US Release Date: 10-17-2014
Directed by: Michael Hoffman
- Michelle Monaghan, as
- James Marsden, as
- Luke Bracey, as
- Younger Dawson
- Liana Liberato, as
- Young Amanda
- Gerald McRaney, as
- Sebastian Arcelus, as
- Jon Tenney, as
- Harvey Collier
- Sean Bridgers, as
- Ian Nelson as
Luke Bracey and Liana Liberato in The Best of Me
The Best of Me is based on a Nicholas Sparks novel, and as such, we know several things going in. It will, of course, be an emotional romance, taking place somewhere in a small southern town. We know the man will be masculine and quietly sensitive while the girl will be sweet as honey but willing to settle until her prince Charming comes to the rescue. Most importantly, there will be some romantic scenes that take place in, on or next to water.
Middle aged, married with a grown son, Amanda and middle aged and single Dawson are estranged former high school sweet hearts. After years of not having seen each other, they are reunited when an old acquaintance of theirs passes away and includes them both in his will. Through flashbacks we see how they met and fell in love, while in the present we see them reconnect.
The story of their young love is packed with clichés and stereotypes. He is from a poor troubled home while she is from a rich family. With heavy shadows of Romeo and Juliet looming over them, both of their families work, directly or indirectly, to keep them apart. There is even a family member’s violent death. Oh come on, Sparks’ love stories are always edged with sadness.
The male character is, as is usual in Sparks’ work, more defined than the female. Dawson is from a red neck drug manufacturing trashy family. His brothers all have stereotypical long hair, dirty clothes and sit around drinking beer, while Dawson likes to sneak off to do his physics homework atop a water tower. He likes to wear t-shirts and lean over the engine of a car, because of course he knows how to fix cars. What real man does not? When working in the yard he has to remove said t-shirt, revealing a body you can only have with regular workouts, that he is never shown doing. I said he was defined, not realistic.

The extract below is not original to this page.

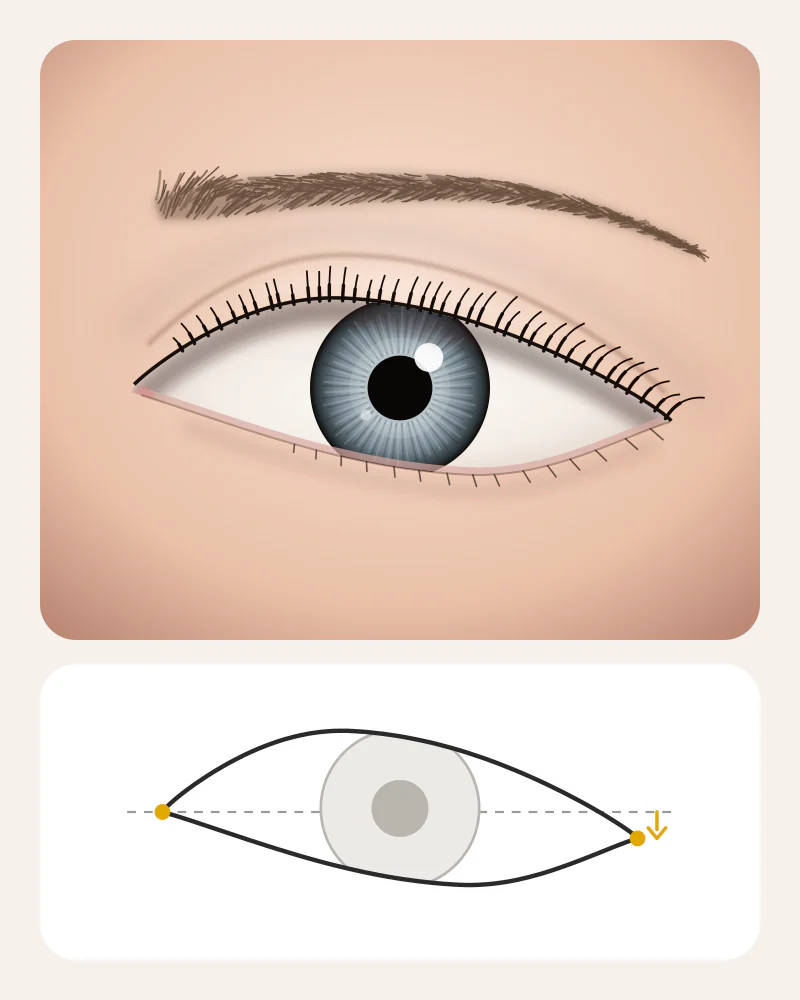 Illustration of downturned eyes: the outer corner sits lower than the inner corner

The story of the older Amanda and Dawson is a bit more unique, a bit. Amanda is married and we still do not know why they broke up in the first place. How does Sparks get them together without Dawson looking like a home wrecker and Amanda a whore? Do they even get together?
The cast is all adequate but one thing is a bit unsettling. James Marsden and Michelle Monaghan look nothing like Luke Bracey and Liana Liberato. We know these are all actors but it is so obvious that it is a bit jarring. I liked Luke Bracey as a tough secret agent in November Man (2014) but as he was born in 1989 he is too old for this part. The real problem though, is not that he misplays the role but that the part is a fantasy. Dawson is a high school senior hill billy, raised by an abusive criminal in dire poverty yet he has the body of a Calvin Klein model, knows how to fix cars and has a 4.0 GPA. This guy only exists in fiction.
As women proved with the Twilight movies, they do not want realism, they want the fantasy man who will spend every minute of his day trying to get a fraction of her attention but still find time to work out so as to look good when he takes off his shirt. Judging by the nearly all female audience and how much my wife enjoyed this movie, it works. The Kleenex was getting a workout. One woman even mentioned to my wife that she cried the whole film.
Yeah, your estrogen level will decide how much you enjoy this bittersweet love story. For me this is a two star film while for the women I have talked to it is a four star sensation. I will give it a extra half star as I am not this movies target audience.